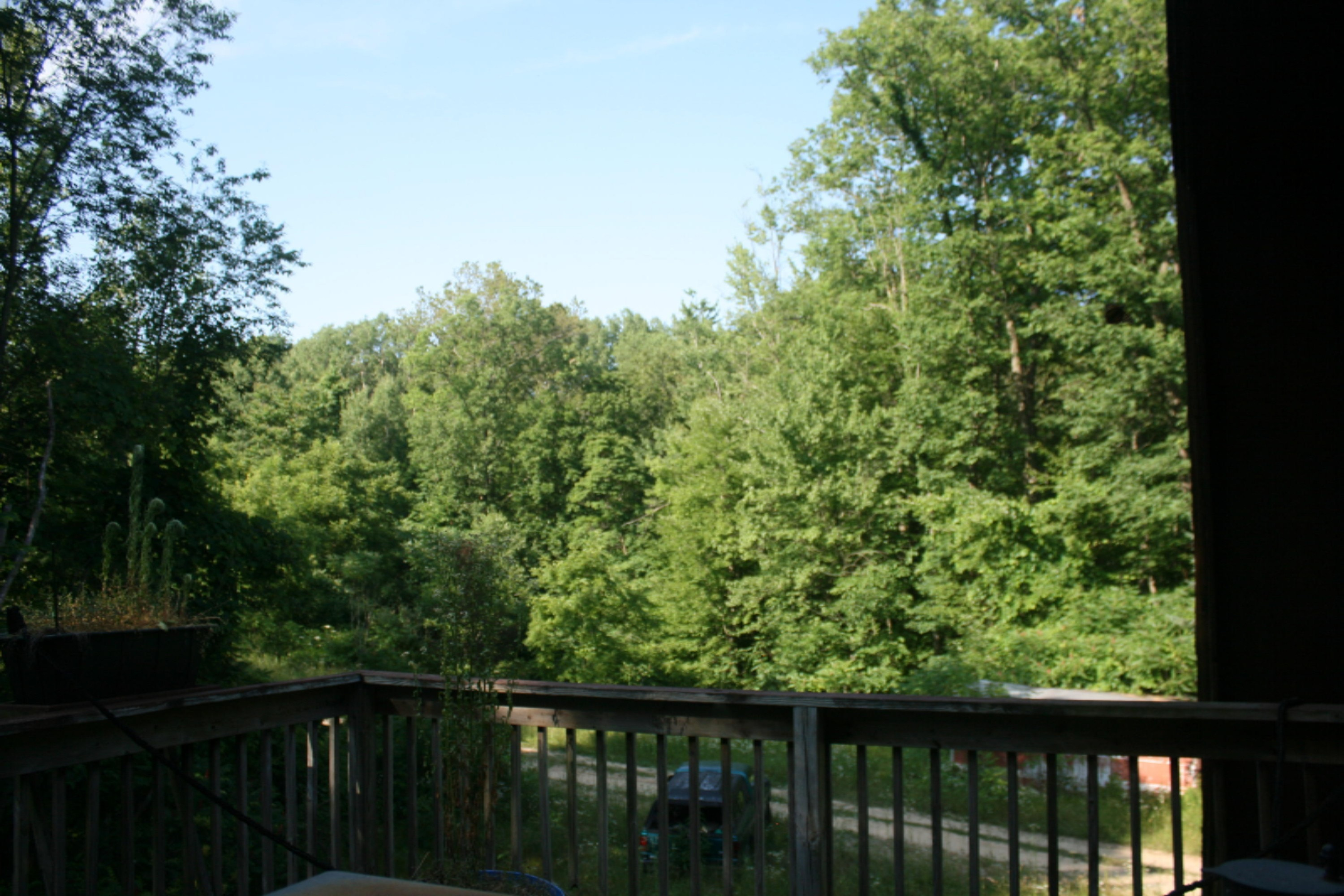 5454 Parmalee Road Middleville, MI 49333 - Photo 5 of 15 IMG_4626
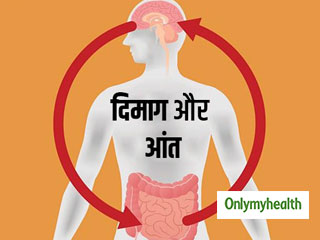 'दूसरा दिमाग' क्यों कहा जाता है आंतों को, आपको पता होने चाहिए ये 6 फैक्ट्स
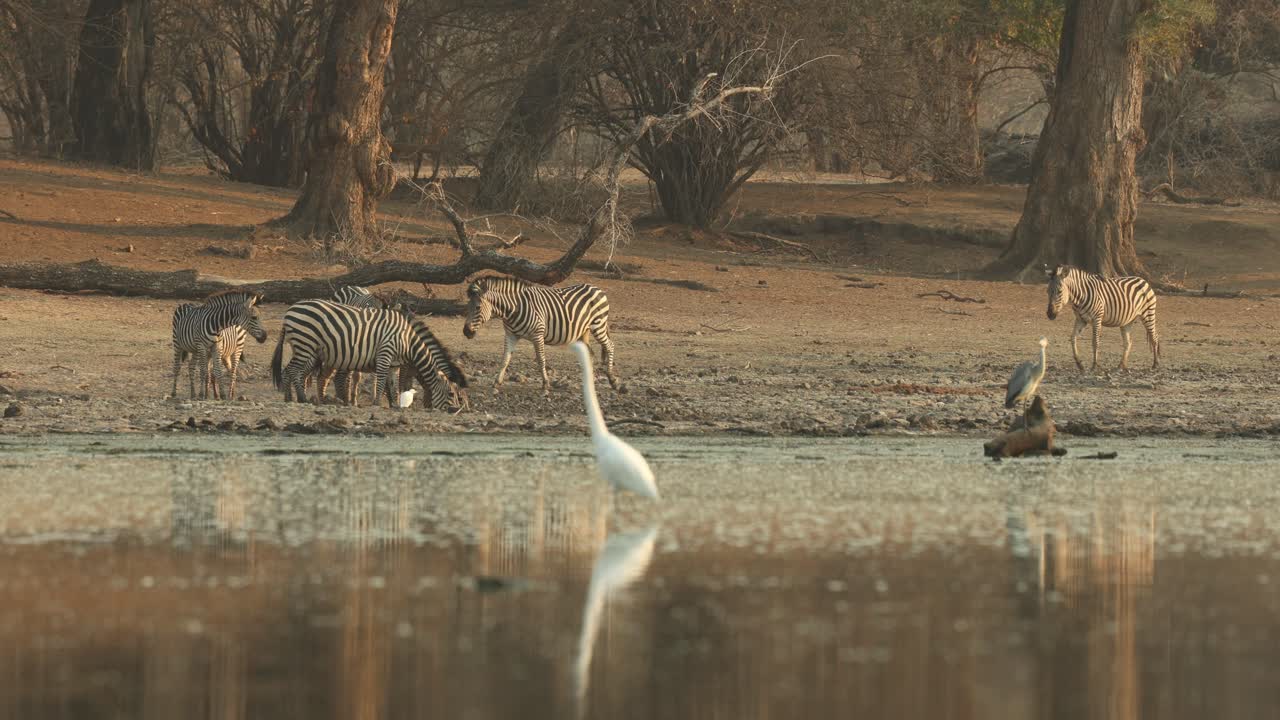 Rack focus from a greater egret to the herd of zebras arriving at the waterhole for a drink. With beautiful huge trees in the background, Mana Pools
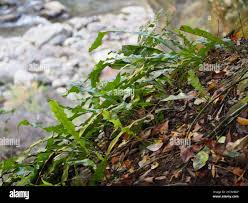 Image result for Lepisorus excavatus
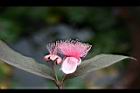 紅巴樂-花6.jpg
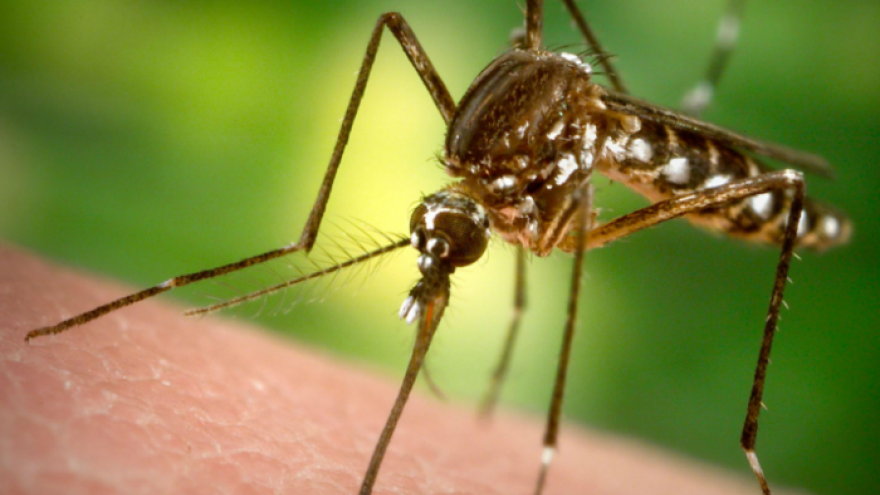 Надежное средство от комаров – ладошка. Народные способы борьбы с двукрылыми гнусами от тазовчан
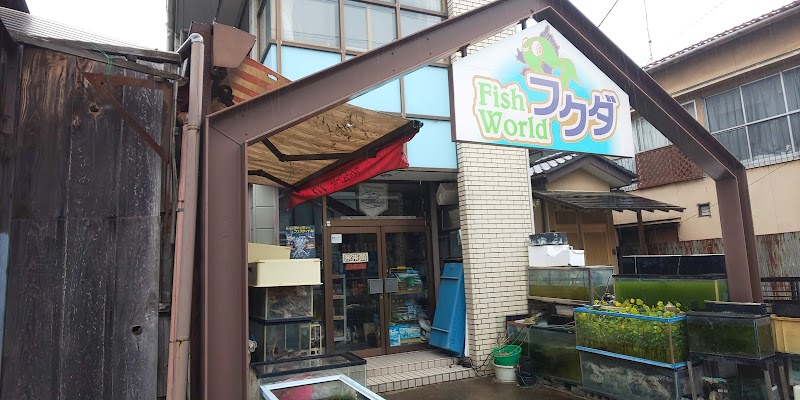 福田金魚店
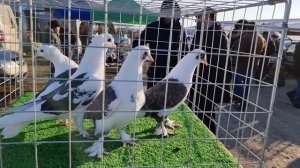 Голуби цены Птичий рынок г Пятигорск-ч1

**WORK TASK**
With the images removed, give back every entry exactly as shown.

**RESULT FOR THIS TASK**
 5454 Parmalee Road Middleville, MI 49333 - Photo 5 of 15 IMG_4626
 'दूसरा दिमाग' क्यों कहा जाता है आंतों को, आपको पता होने चाहिए ये 6 फैक्ट्स
 Rack focus from a greater egret to the herd of zebras arriving at the waterhole for a drink. With beautiful huge trees in the background, Mana Pools
 Image result for Lepisorus excavatus
 紅巴樂-花6.jpg
 Надежное средство от комаров – ладошка. Народные способы борьбы с двукрылыми гнусами от тазовчан
 福田金魚店
 Голуби цены Птичий рынок г Пятигорск-ч1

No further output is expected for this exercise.